The place is a high plateau (822meters) and home to some 127 shrines and temples. Women were only allowed in 100 years ago so the whole place, for a very long time, was a monkish boy's club.
At the top, the monks tiny van took our luggage except mine, and a few others which did no fit despite the young monks best attempt at luggage tetris. He drove off and we caught a bus through the small township that had grown there over the years, past many monasteries and shrines. Sharon remarked that it looked like a summertime alpine ski resort.
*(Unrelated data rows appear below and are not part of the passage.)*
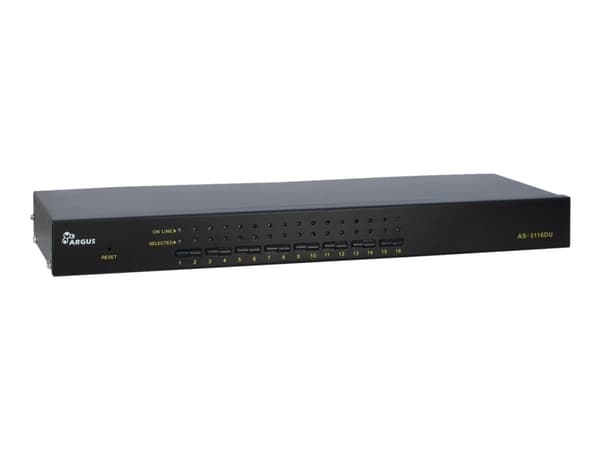 Argus KVM AS-3116DU - KVM-kytkin - 16 x KVM-portti(t) - 1 lokalbruger - monterbar på stativ musta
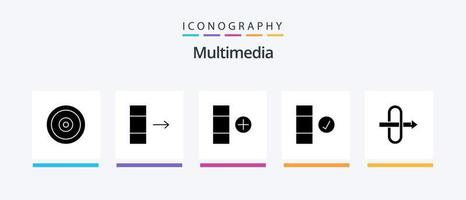 Multimedia Glyph 5 Icon Pack Including . new. traffic. data. Creative Icons Design vector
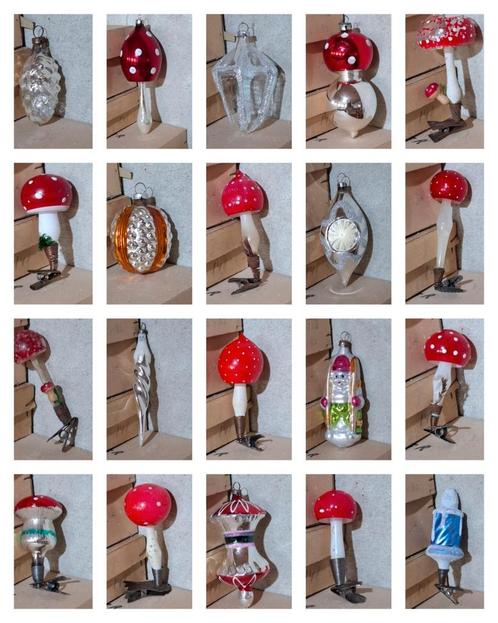 Oude vintage antiek kerstballen skier paddenstoelen kaars, Sieraden, Tassen en Uiterlijk, Bedels, Gebruikt, Overige merken, Overige materialen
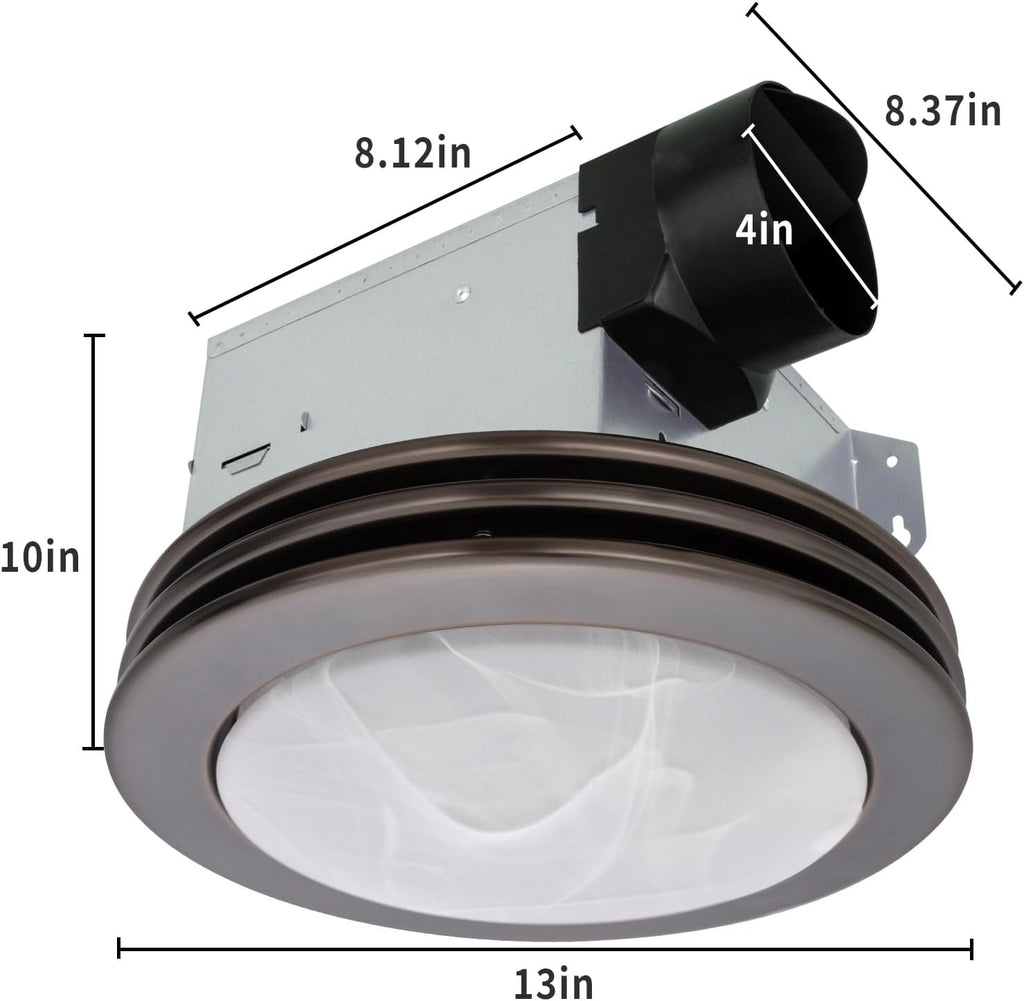 Akicon Exhaust Fan with Light, Ultra Quiet 80 CFM 2.0 Sones Ventilation Exhaust Bathroom Fan with Light, 3000K/4000K/5000K Selectable LED Light (Oil Rubbed Bronze)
Arrived at the Shukubo (or temple lodgings, a place called Sekisho-in and dropped our bags. Welcomed with tea and a biscuit on the tatami matted room by the head monk who was this old guy in a singlet top. When we left, Kit, our guide said ask for directions to Sex-show and they would understand you. Easy to remember!


Arriving at Sekisho-in
Shoes off and into what became a very stinky cupboard.
We took a walk to some of the more impressive temples and shrines and on the way through, bought the umbrella we so badly wanted yesterday in Mayajima.

We checked out the Japanese Konpon Daito, the great Stupa. There was the original Japanese style and the later Chinese inspired one. I really preferred the original and Sharon liked the colour of the Chinese tower. Cinnabar is the colour. It was massive!
has a way of making people look small.The Chinese inspired Stupa.
The older, more traditional Stupa, That big ring above is actually a massive prayer wheel.

This place has a way of making people look small.
We all pitched in to turn a massive prayer wheel. Posed for a group photo.
Kanpai!
Walked back via Kongobuji temple where we contemplated the stone garden (Banryutei) and found out about the history of the place.
Note the water buckets on the roof in case of fire. Everyone is pointing to stamps made on the entrance gates by pilgrims.


Kit filling us on on the history of the place. He knows a LOT about it.

We visited the tea house and drank green tea on the matted floor and ate a sweet biscuit offered by the nuns (who look just like bald lady monks).

Green tea,  a sweet rice cake thing, and some literature on the temple.
 It is the epicenter of Shingon-shu Buddhism (the home of esoteric Buddhism). We walked through the kitchens and out into the sun.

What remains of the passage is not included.